Também havia as câmeras, é claro, mas ela sabia que dificilmente alguém prestaria atenção aos monitores, a menos que o alarme soasse. Ela precisava evitar os lasers acima de tudo!
Mas como poderia?
Se lembrou de uma vez em que invadiu o cofre de um bilionário iraniano que tinha um sistema de segurança semelhante. Na época, ela foi preparada e levou consigo pó de gesso, que era extremamente fino e leve.
Dessa vez era diferente, mas não significava que não tinha nada que pudesse usar.
Com cuidado para fazer o mínimo de barulho possível, ela desceu pela janela e saltou até cair sobre o telhado da área.
Conferiu se não havia cachorro por perto ou nenhum laser logo abaixo, então se preparou e pulou para o solo.
Assim que caiu no chão, seus joelhos doeram e estalaram, e ela os arranhou nas pedras.
A partir daí, qualquer passo que desse poderia soar os alarmes, então ela precisava saber onde poderia pisar.
Afastou algumas pedras maiores no chão e pegou, na mão, um punhado de areia e terra seca.

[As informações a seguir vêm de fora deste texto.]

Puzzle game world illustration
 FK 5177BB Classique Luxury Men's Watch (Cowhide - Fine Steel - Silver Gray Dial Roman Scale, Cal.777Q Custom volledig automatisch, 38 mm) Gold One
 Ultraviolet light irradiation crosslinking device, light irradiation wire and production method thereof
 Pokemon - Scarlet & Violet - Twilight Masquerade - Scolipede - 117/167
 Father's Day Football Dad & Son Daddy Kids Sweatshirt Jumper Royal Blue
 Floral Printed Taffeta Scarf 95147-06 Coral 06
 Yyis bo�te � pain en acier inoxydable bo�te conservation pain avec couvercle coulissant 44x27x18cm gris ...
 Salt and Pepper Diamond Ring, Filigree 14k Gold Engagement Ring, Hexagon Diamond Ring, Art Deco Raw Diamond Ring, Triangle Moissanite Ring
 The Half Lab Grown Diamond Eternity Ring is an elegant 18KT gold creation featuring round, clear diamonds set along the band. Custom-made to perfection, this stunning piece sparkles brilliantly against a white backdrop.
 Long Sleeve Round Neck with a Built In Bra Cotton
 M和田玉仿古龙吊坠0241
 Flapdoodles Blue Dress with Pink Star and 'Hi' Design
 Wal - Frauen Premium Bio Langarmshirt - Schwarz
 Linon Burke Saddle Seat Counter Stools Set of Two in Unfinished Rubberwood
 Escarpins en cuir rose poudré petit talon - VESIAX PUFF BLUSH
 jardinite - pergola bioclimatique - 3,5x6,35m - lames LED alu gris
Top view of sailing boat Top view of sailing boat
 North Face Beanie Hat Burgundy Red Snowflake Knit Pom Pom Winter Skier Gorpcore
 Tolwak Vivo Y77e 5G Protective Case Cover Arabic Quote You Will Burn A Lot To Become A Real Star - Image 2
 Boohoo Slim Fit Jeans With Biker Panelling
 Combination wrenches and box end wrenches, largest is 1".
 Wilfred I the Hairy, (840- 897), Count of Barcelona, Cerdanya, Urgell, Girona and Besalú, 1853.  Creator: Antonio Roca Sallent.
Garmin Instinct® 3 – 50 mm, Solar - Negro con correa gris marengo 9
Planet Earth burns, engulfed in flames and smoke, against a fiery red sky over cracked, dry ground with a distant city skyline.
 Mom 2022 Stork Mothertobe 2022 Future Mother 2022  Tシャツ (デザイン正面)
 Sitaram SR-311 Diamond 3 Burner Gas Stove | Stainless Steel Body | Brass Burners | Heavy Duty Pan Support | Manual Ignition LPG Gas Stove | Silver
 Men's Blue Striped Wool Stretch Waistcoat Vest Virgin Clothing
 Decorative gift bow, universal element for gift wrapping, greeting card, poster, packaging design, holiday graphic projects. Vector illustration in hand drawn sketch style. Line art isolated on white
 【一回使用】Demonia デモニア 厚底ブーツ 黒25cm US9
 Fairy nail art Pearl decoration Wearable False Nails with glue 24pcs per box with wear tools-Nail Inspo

Não era perfeito; era mais pesada que o pó de gesso, e por isso o efeito passaria rápido, mas ela repetiria quantas vezes fosse necessário.
Ela jogou a terra e areia para frente, garantindo que se espalhasse bem pelo ar.
A poeira fez os feixes de laser ficarem visíveis por um momento.
E, dessa forma, ela pôde evitá-los.
Tinha cogitado algumas formas de escapar dos muros. Desde subir numa das árvores e tentar pular para o lado de fora até tentar arrebentar o cadeado do portão, mas é claro que ela tentaria primeiro o helicóptero.
Ela conhecia o modelo e sabia como pilotá-lo. Também sabia que, raramente, os donos de helicópteros que ficavam em helipontos pessoais os deixavam trancados.
E seu palpite estava correto.
Abriu a porta e subiu na aeronave. Depois ligou a bateria.
Colocou os headsets e checou o combustível.
Tinha um paraquedas na parte de trás, logo acima do assento. O antigo dono do helicóptero deveria ser alguém muito precavido, pensou ela.
Precisava esperar o motor aquecer antes de iniciar o voo, por isso ela sempre olhava em volta atentamente, para não ser pega de surpresa caso alguém aparecesse.
Sentiu o garfo em seu bolso. Era a única arma que tinha. Se necessário, lutaria pela vida com bravura! Não seria pega novamente.
Finalmente pôde iniciar o voo, então ela puxou o Coletivo, que ficava ao lado do assento do piloto e se parecia com um freio de mão de carro.
Pouco tempo depois, o helicóptero se ergueu do chão e ganhou a noite, enquanto as pás giravam feito furacão.